The article titled “A normative-empirical analysis of state duties and corporate responsibilities related to adverse human rights impacts on the Amazonian minerals-energy frontier” has been published in the Journal of Cleaner Production*. This article has been authored by Karlijn Kuijpers (University of Utrecht), Mariëtte van Huijstee (SOMO and Open University) and Joseph Wilde-Ramsing (SOMO).

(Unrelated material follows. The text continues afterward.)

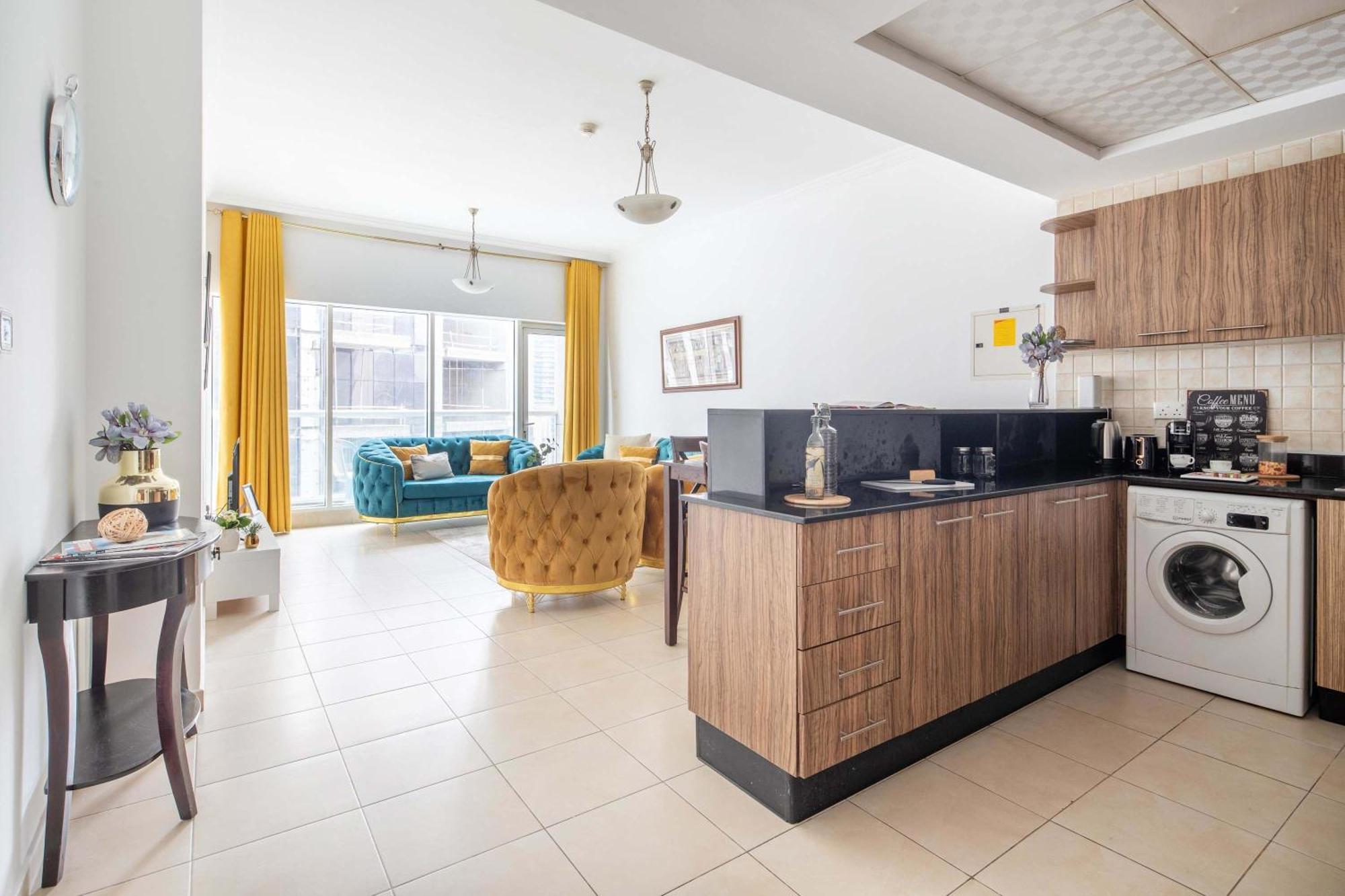 Frank Porter - Al Noujoum Tower Apartment *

The article probes the existence of a ‘minerals-energy complex’ (MEC), a concept developed in South Africa, to describe the strong inter-linkages between the mining and energy sector in the Brazilian Amazon. Within the framework of the MEC, the authors conduct a normative analysis – based on the United Nations Guiding Principles for Business and Human Rights (UNGPs) – of the state duties and corporate responsibilities for adverse human rights impacts in the complex.

Useful framework

The authors use a single, in-depth case study approach, focusing on the case of the Belo Monte hydroelectric dam in the Amazonian state of Pará. The MEC proves to be a useful framework for studying the advancement of hydroelectricity and mining projects on the Amazonian frontier. The analysis indicates that the Brazilian minerals and energy sectors are mutually dependent and have overlapping interests and decision-making structures. Applying the MEC framework to the Belo Monte case serves to clarify and detangle the relationships between the various actors associated with the dam’s adverse impacts. This provides a foundation for the normative analysis of the responsibilities and actions required of each actor based on the internationally-accepted standards in the UNGPs.

To improve policy

By applying the MEC as an analytical research framework and drawing on the UNGPs for normative guidance, the present study contributes to the academic literature on corporate responsibility, as well as providing policy and decision-makers with a normative-empirical analysis that can be drawn upon to improve policy and ensure that corporate activity contributes to sustainable development.

*The Journal of Cleaner Production serves as a “transdisciplinary, international forum for the exchange of information and research concepts, policies, and technologies designed to help ensure progress towards making societies and regions more sustainable”.